Wouldn’t it be a lot faster to use ospreys for intial landing and then chinooks for the follow up? If you’re going over the horizon then you’ve got to shrink travel time to a minimum, I don’t know if this is possible but could you sling an ISO container full of commandos under a lynx wildcat? :P Making use of the helos from the escorts, would definitely go someway to shrinking travel time :)


June 3, 2014 1:08 pm

Kibbitz, as you said, somehow with all the alphabet concepts on the Marine’s desks since 90s, yet somehow they still deploy like it is 1994. AAVs, infantry deployment, LCACs disgorging hummers, the whole 9 yards. Where is the application? It’s been 20 years.

As for shore defences, scare-mongers would like you to believe that there is an anti-ship missile behind every bush. Reality is that those are high value assets, something like MBTs. You do not get them scattered over and yonder. They guard high value targets or wait in either ambush or in reaction to your ships. If your amphib is targeted by one, it’s clear sign that you’re busted, they moved heavy assets into the area. GTFO before you end up playing tag with an MBT on the beach.

See Phil’s reasoning. If you have to OTH, you’re in the wrong place.

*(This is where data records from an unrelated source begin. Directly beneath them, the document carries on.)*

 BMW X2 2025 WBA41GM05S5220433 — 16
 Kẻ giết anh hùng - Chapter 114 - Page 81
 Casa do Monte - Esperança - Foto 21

BTW, I don’t suppose it is really a big secret by now, but conceptually, we avoid most of the shore defences by deploying at night. long LCU journey and you end up cold, wet, seasick and miserable, but even with all the toys and gadgets these days, humans still switch their minds off at night. Much more likely to slip through, especially with low/no light. It also helps that once the “dawn assault” phase takes place, you got the whole day to unload the stores from the LPD as opposed to an afternoon attack and you are left with only half a day of daylight get all your ducks in order.

And before you wah-wah about radar, MH370 should have demonstrated by now that many radar nets have huge holes. A bit of aerial recon and some map planning will keep you out of detection arcs, especially if you came in straight from the sea instead of hugging the coastline.

Kibbitz Van Ogle
June 3, 2014 1:41 pm

OBSERVER, several items to observe:
– You have to have the capability to do OTH in order to actially accomplish STOM. With EFV not delivering (fortunately) and no new technology emerging, it’s down to low-tech/high-concept proposals the Commandant mentions.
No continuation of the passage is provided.